This is not about punishing Israel; it’s about advancing U.S. national security. Recognizing Palestine would, by helping the two-state cause, address a key source of resentment toward the United States, making it easier for American policymakers to pursue other priorities in the Middle East, such as preventing an Iranian nuclear weapon, defeating the Islamic State and strengthening regional security partnerships. It would ease dealings with governments in Turkey, Egypt, Jordan and Saudi Arabia, which often agree with Israel’s regional strategy but revile its treatment of Palestinians. It would signal to the Israelis — and their neighbors — that the United States will act in its own interests, even when those interests conflict with a close ally’s views. And it would strengthen the Jewish homeland’s security (a long-standing U.S. national interest), as many in Israel’s security establishment understand.

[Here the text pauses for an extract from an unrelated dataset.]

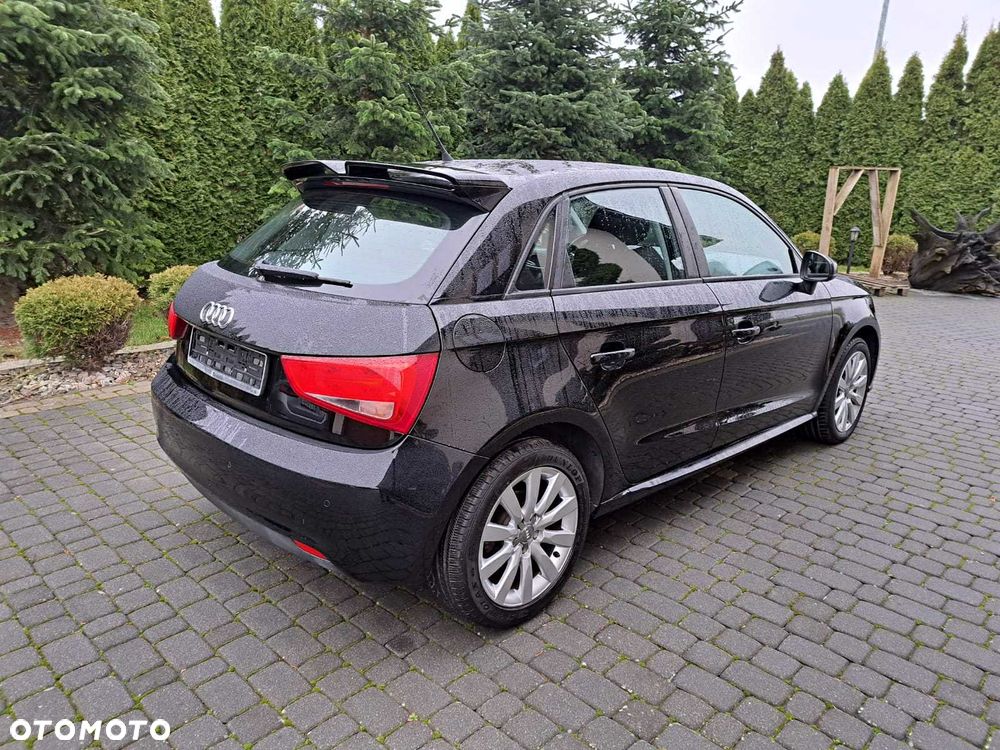 Audi A1 Sportback 1.2 TFSI S line Sportpaket - 11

Recognizing Palestine would also address a persistent foreign policy problem: the divide between America’s official policy of support for Palestinian statehood and its continued support for an Israeli government that deliberately impedes that goal.
Netanyahu, while paying lip service to the two-state solution, has relentlessly worked to undermine it during his three terms as prime minister — and not just by expanding settlements, violently suppressing unarmed protests, and exacerbating the divisions between the West Bank and the Gaza Strip. He has offered no hope to the Palestinians. (No wonder Palestinian President Mahmoud Abbas began asking other countries, and the United Nations, to recognize Palestine after a previous round of talks collapsed in 2010.) Now that Netanyahu has admitted publicly what many already believed — that he’ll never play midwife to Palestine — it’s clear that if Washington wants to achieve this goal, it must seek another route.